#### Work instructions
Exactly the lines from the beginning of the records to the line with "لوسیون مو چیست؛", both ends included, are to be given again, and pictures are to be left out.

[Caption-style text data]
"""

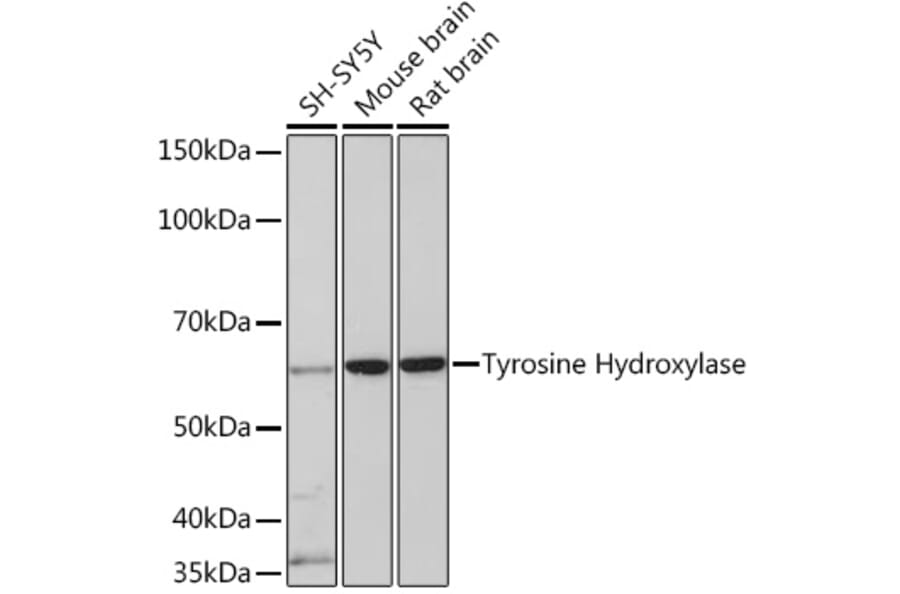 Western Blot - Anti-Tyrosine Hydroxylase Antibody [ARC1184] (A307645) - Antibodies.com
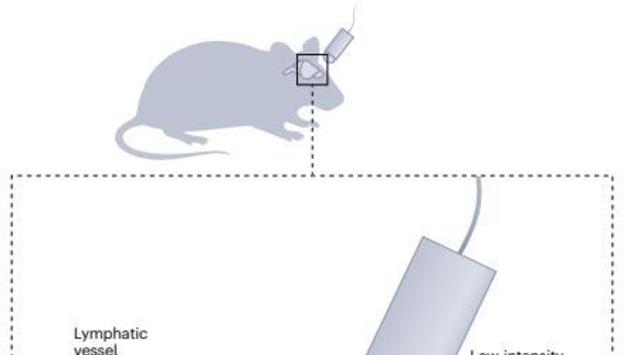 "초음파로 뇌졸중 쥐의 뇌 노폐물 제거…치매 등 치료 기대"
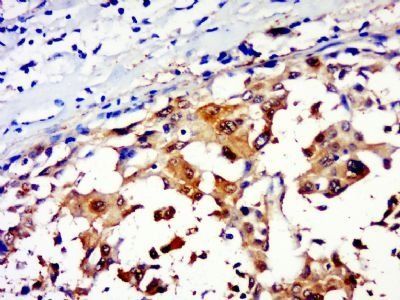Resistin Rabbit Polyclonal Antibody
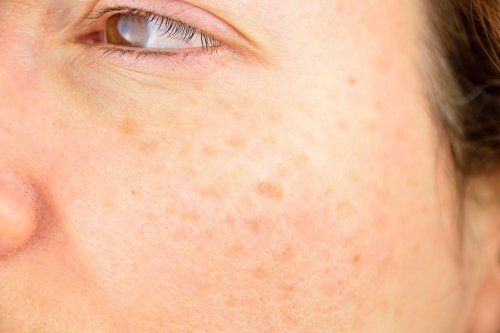 Confira dicas naturais para remover as manchas na pele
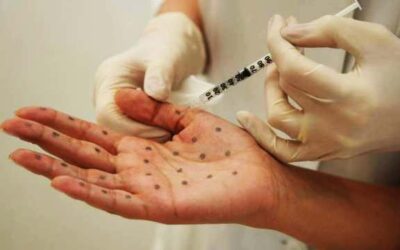 Les injections de toxine botulinique pour la transpiration | botox aisselles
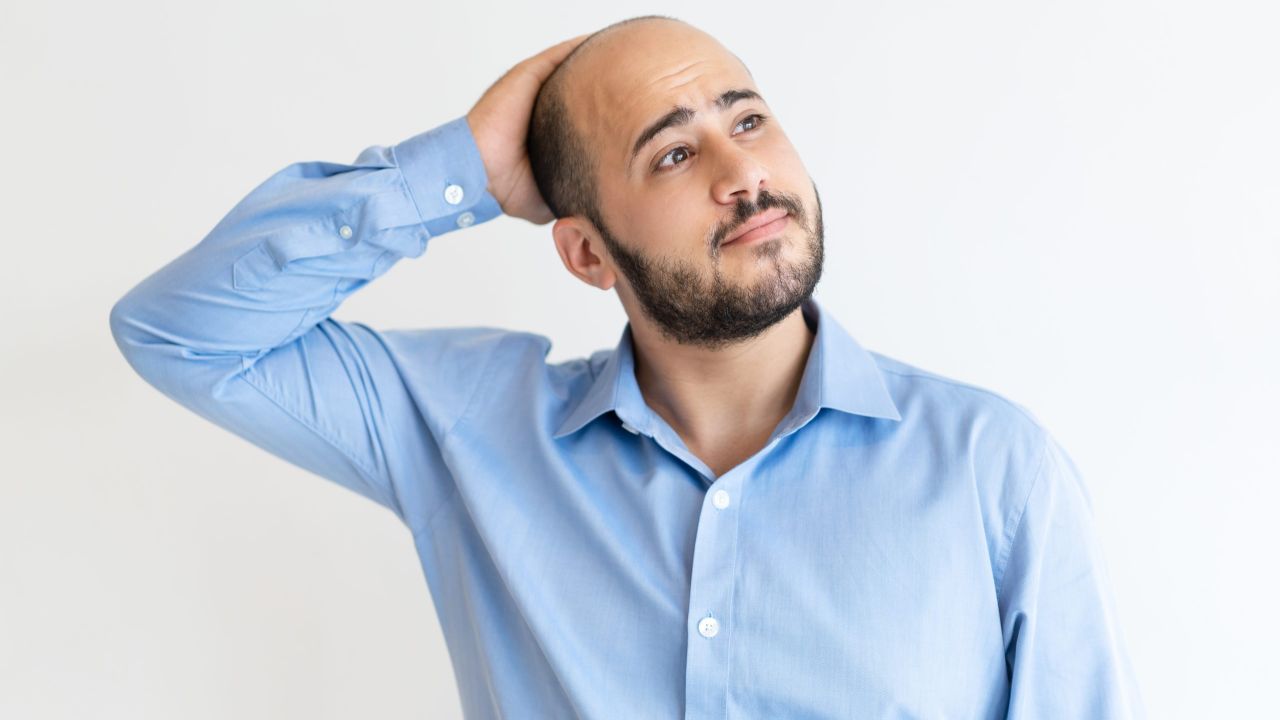 Queda de cabelo em homens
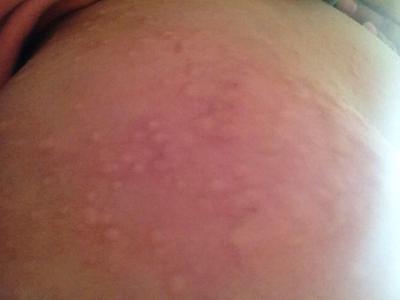 完美芦荟胶功用,你知道芦荟胶的妙用吗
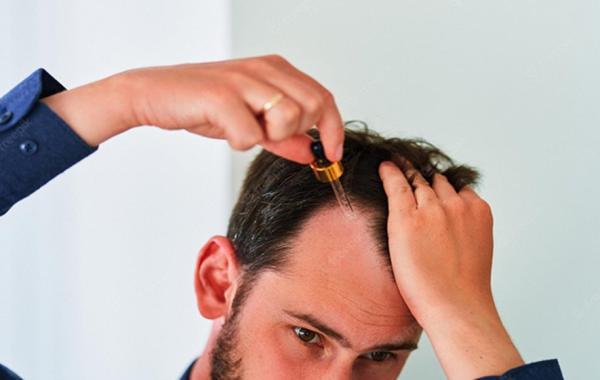 لوسیون مو چیست؛ آیا استفاده از آن تأثیری در بهبود شرایط مو دارد؟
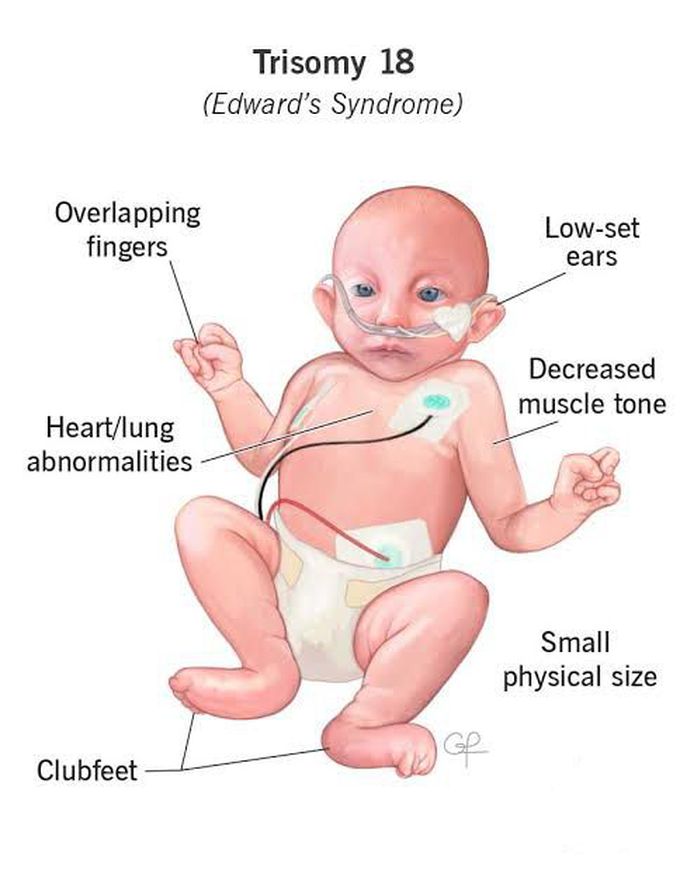 These are the symptoms of Edward's syndrome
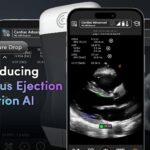 FDA Clears New AI Tool for Cardiac Ultrasound Assessments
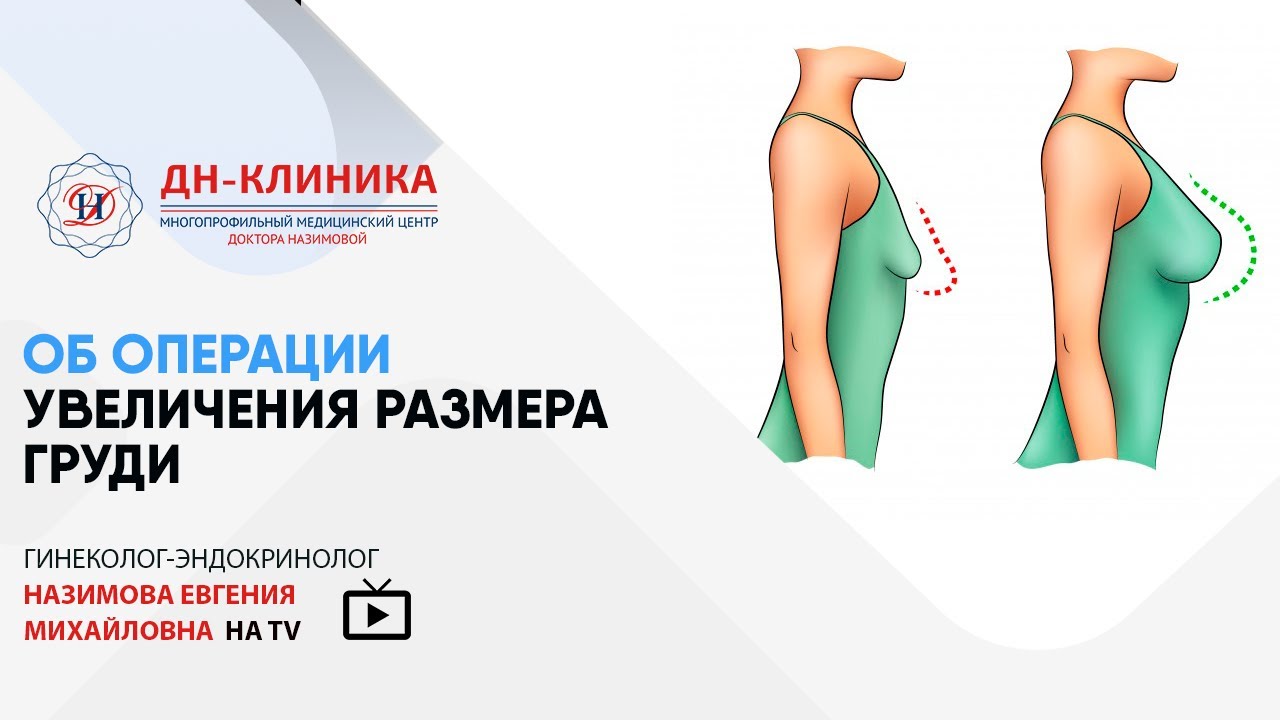 Об операции увеличения размера груди. Доктор Назимова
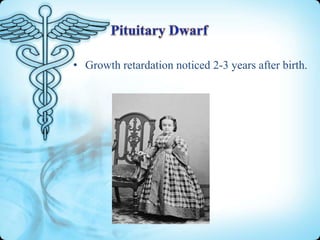• Growth retardation noticed 2-3 years after birth.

"""

#### Task solution
 Western Blot - Anti-Tyrosine Hydroxylase Antibody [ARC1184] (A307645) - Antibodies.com
 "초음파로 뇌졸중 쥐의 뇌 노폐물 제거…치매 등 치료 기대"
Resistin Rabbit Polyclonal Antibody
 Confira dicas naturais para remover as manchas na pele
 Les injections de toxine botulinique pour la transpiration | botox aisselles
 Queda de cabelo em homens
 完美芦荟胶功用,你知道芦荟胶的妙用吗
 لوسیون مو چیست؛ آیا استفاده از آن تأثیری در بهبود شرایط مو دارد؟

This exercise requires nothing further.